Comparing the stat blocks for the major goblin/orc races shows that in every case goblins do not suffer an INT penalty making them far more likely to develop technologies to compensate for their small size and weak nature.

STR INT DEX CON WIS CHA TRIBE SIZE FAV. CLASS
GOBLIN -2 - 2 - - -2 40-400 Rogue
HOB-GOBLIN - - 2 2 - - 30-300 Fighter
BUGBEAR 4 - 2 2 - -2 0-20 Rogue
ORC 4 -2 - - -2 -2 30-100 Barbarian
HALF-ORC 2 -2 - - - -2 - Barbarian

Goblin Blacksmith from
Hellboy II: The Golden Army
Goblins only have an improved DEX stat but their Rogue class leanings lends nicely to the idea that they are tinkerers and inventors as well as skulking backstabbers.  This is supported in the Warhammer universe where the goblins are seen to be quite inventive in nature and get all manner of cool, if shoddily constructed, war machines like the Spear Chukka, the Skull Crusher and the Man Mangoler.  One of my favourite depictions of a goblin was in the movie Hellboy II: The Golden Army where the Elf King employed the goblins to manufacture an unstoppable army of robots to wage war on humanity. 

Another popular goblin trope is that of the Warg or Wolf riding goblin which suggests they have become accomplished animal handlers in order to seize a tactical advantage.  Using animals as beasts of burden and ultimately as a power source for machinery is a necessary step upon the ladder of technological evolution.

Hob-Goblins are slightly less numerous and do not suffer the CHA penalty which hints at a possible demi-human connection.  Their Fighter class makes them likely to resolve conflict through arms rather than cunning so I can quite happily see them being turned into some sort of specially bred warrior class.

Bugbears are the rarest of all the goblins and their propensity for living in caves in very small tribes esssentially writes them off for me as a potential leader.

Orcs are basically big, strong, dumb, savage, barbarians and have significantly smaller tribe sizes than goblins which leads me to conclude that an organised goblin leader could control these creatures in small numbers if he found suitable forms of leverage as a reward for loyalty such as an addiction to a psychotropic brew or some other delicacy that the Orcs enjoyed but could not manufacture for themselves... human flesh perhaps?

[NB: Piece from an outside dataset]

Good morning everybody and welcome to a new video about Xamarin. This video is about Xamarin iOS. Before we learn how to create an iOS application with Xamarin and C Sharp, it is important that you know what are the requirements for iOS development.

Half-Orcs occupy an uncomfortable middle ground in my world, they are despised by both Humans and Orcs for not being Human or Orc enough but are an unhappy by-product of Orc raids.  I have already used a Half-Orc PC as an enslaved tracker and suspect that the goblins will have some sort of menial place for those Half-Orcs that escape the clutches of the their trueblood bretheren.

The Goblin King

Putting David Bowie's portrayal of the Goblin King Jhared aside, the concept of a Goblin King features in many myths and legends.  Some etymological research suggests that the word "Gob" or "Ghob" refers specifically to the King of the Gnomes and that Goblings are lesser gnomes.  I need a Goblin King to rule my Goblin Kingdom and see this role being filled by a goblin of unnatural intelligence, cunning and deceit.  A goblin society founded on the meritocrious principle that any goblin could rise to be the ruler through cunning, deceit and backstabbery might also produce a peculiar class of goblin politicians which I find perversely appealing.

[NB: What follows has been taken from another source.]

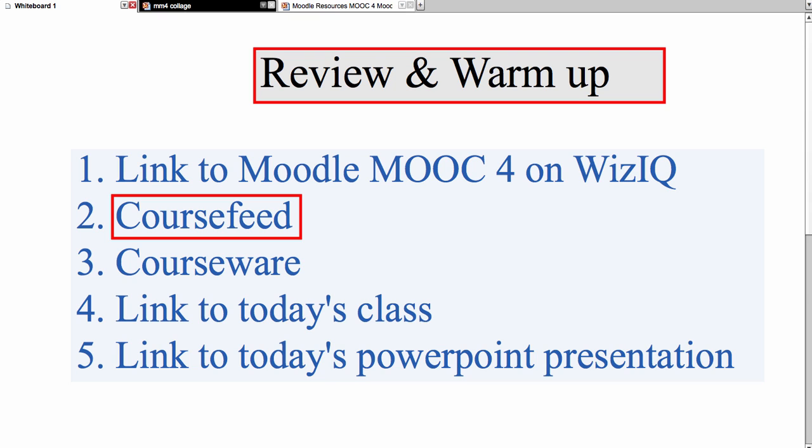Go into the course feed of Moodle MOOC 4 on WizIQ and tell me what's there. Now do it — don't let somebody else do it. You wouldn't want your students to sit around while somebody else did all the work. You want the process. What's important is not the information, even though that's what I'm asking for — I'm asking for you to be aware of the process and think about what you're doing.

Goblin King by Tristan HaoHao

Technology


In order cross the Straits of Desperation, my goblin war bands would need boats, these could be orc powered in the form of a bireme or longship, but if the goblins have started their own industrial revolution then a more fitting form of transport would be crude steamships.  My background for the goblin capital Tak Mor has this situated between the "Iron Tree Forest" which supplies the ore for smelting and the "Fetid Sea" which the goblins are polluting with their oil waste.

I am particularly enamoured by the Empire Landship models produced by Warhammer Forge.  I'm sure that any Wulfschlossonian villagers would be terrified if they saw one of these monstrosities lurching out of the sea on its paddle-wheels.

Marienburg Class Empire Landship - expertly painted by James Wappel
I know I'm not the first person to suggest the concept of intelligent goblins, but I feel that their current niche in the fantasy bestiary as monster minions just doesn't do them justice.